Short descriptive text snippets
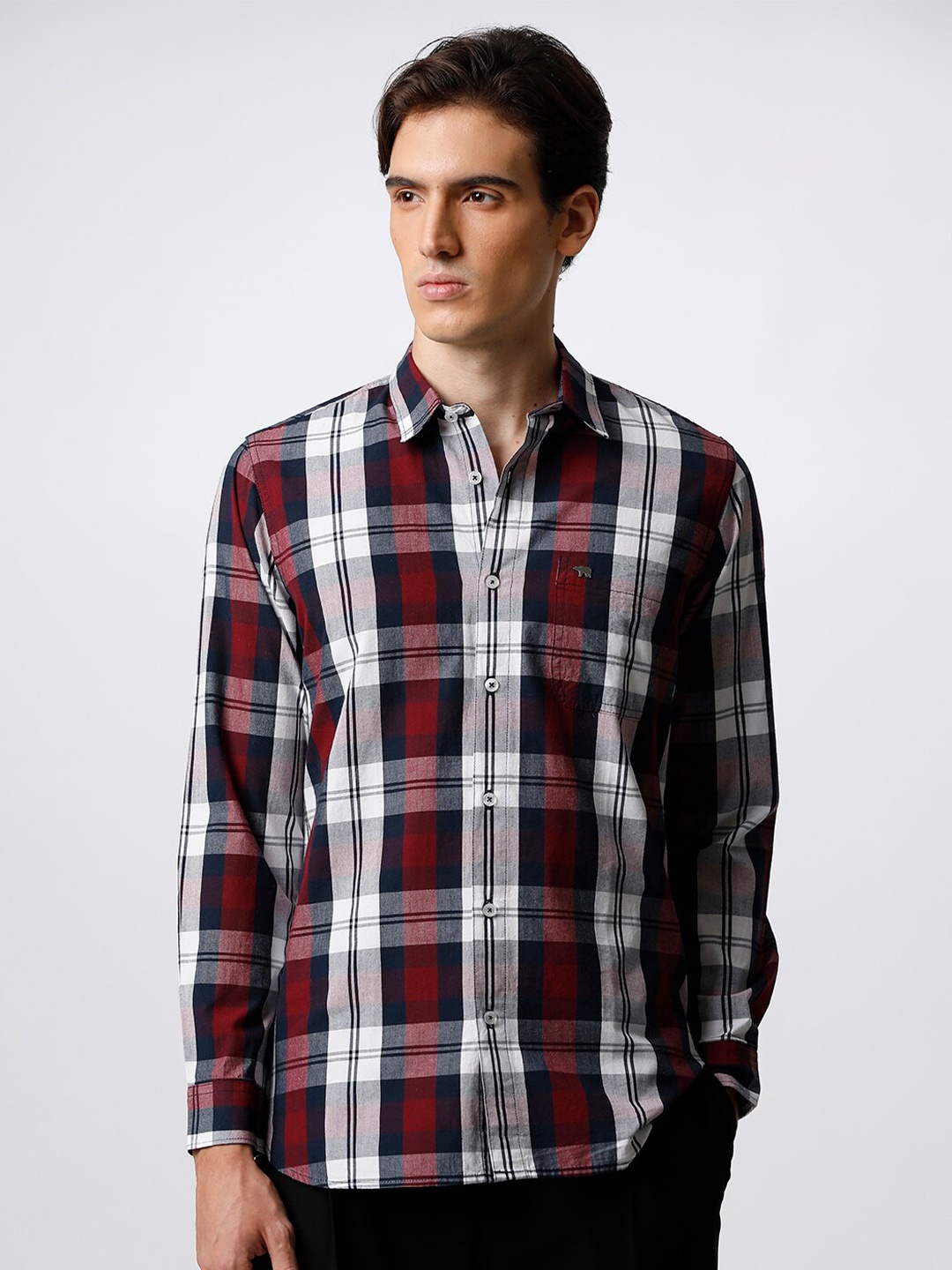 

THE BEAR HOUSE Men Slim Fit Tartan Checked Casual Shirt, Red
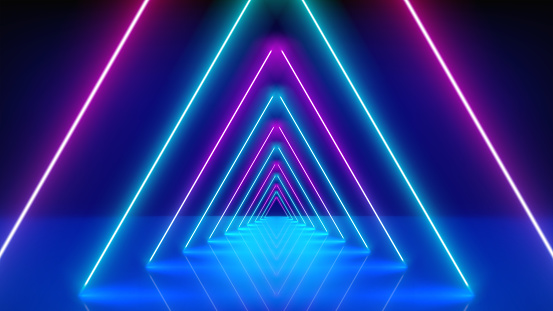 Glowing neon lines, tunnel, abstract technological background, virtual reality. Pink blue purple neon triangular corridor, perspective. Ultraviolet bright glow. Vector illustration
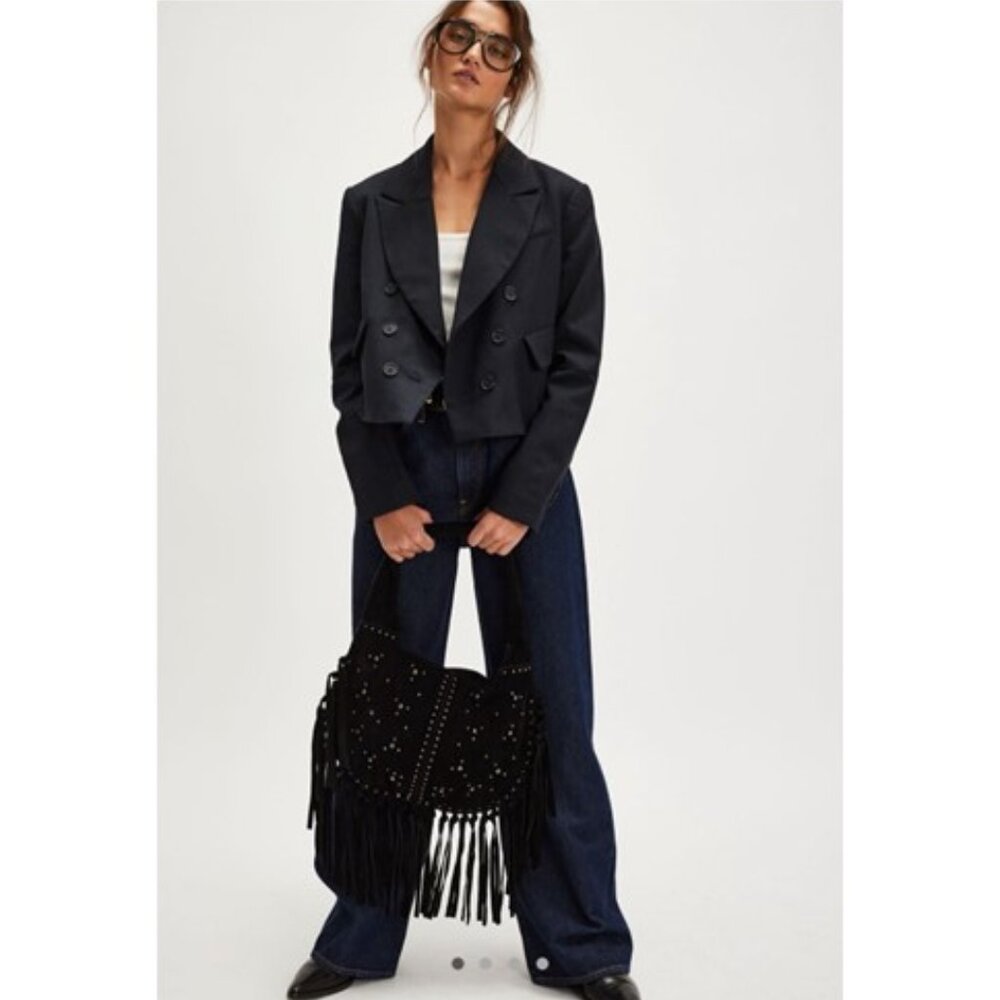 NWT-Free People Betty Solid Blazer - Navy - M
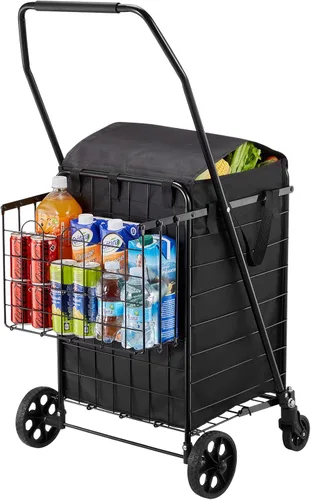 Vista 12 de VEVOR Carrito de compras plegable, carrito de comestibles jumbo con cestas dobles, ruedas giratorias de 360°, carrito utilitario resistente, carrito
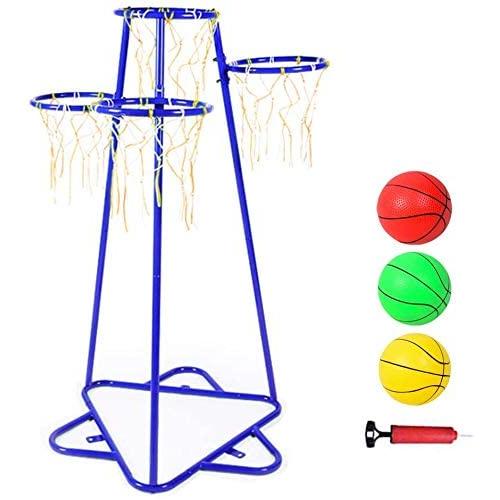 Anditt Kids Basketball Hoop Portable Basketball Stand with 4 Hoops at Varying Heights and 3 Balls Toy Set for Age 3 Years and Up for Toddlers Indoor and Outdoor Sport Games (Blue)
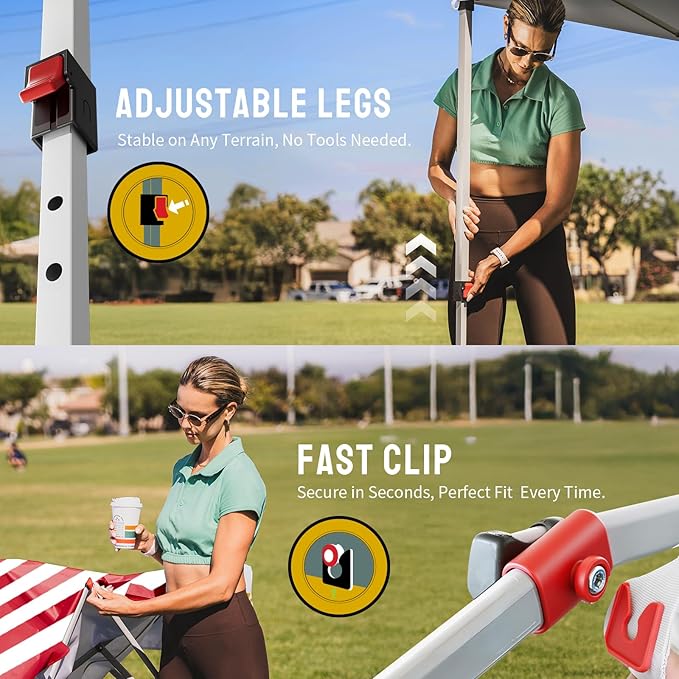 CROWN SHADES 10x10 Pop Up Canopy - Beach Tent with One Push Setup - Easy Outdoor Sun Shade for Events, Parties, Camping - Gazebo with STO-N-Go Cover Bag, Silver Coated Top, Red Strips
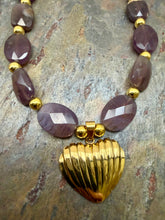 Load image into Gallery viewer, Plum Agate Stone Necklace Set with Heart Shaped Pendant

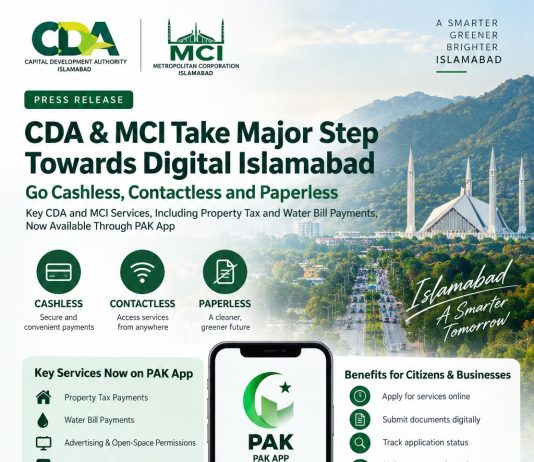 ISLAMABAD (TNS) CDA & MCI Take Major Step Towards Digital Islamabad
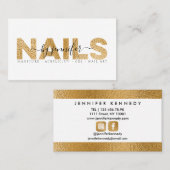 Nageltechniker Salon Gold Metallic Elegant Visitenkarte (Vorne/Hinten)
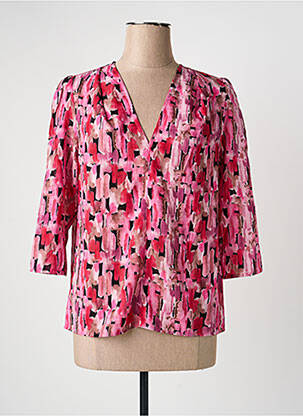 Blouse imprimé fantaisie manches 3/4 rose ARTLOVE femme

▶ [YOUR ASSIGNMENT]: Copy out the lines above from the line containing "CROWN SHADES 10x10" through the line containing "Nageltechniker Salon Gold", exactly, and keep the pictures out.

▶ [FINISHED TASK]:
 CROWN SHADES 10x10 Pop Up Canopy - Beach Tent with One Push Setup - Easy Outdoor Sun Shade for Events, Parties, Camping - Gazebo with STO-N-Go Cover Bag, Silver Coated Top, Red Strips
 Load image into Gallery viewer, Plum Agate Stone Necklace Set with Heart Shaped Pendant

 ISLAMABAD (TNS) CDA & MCI Take Major Step Towards Digital Islamabad
 Nageltechniker Salon Gold Metallic Elegant Visitenkarte (Vorne/Hinten)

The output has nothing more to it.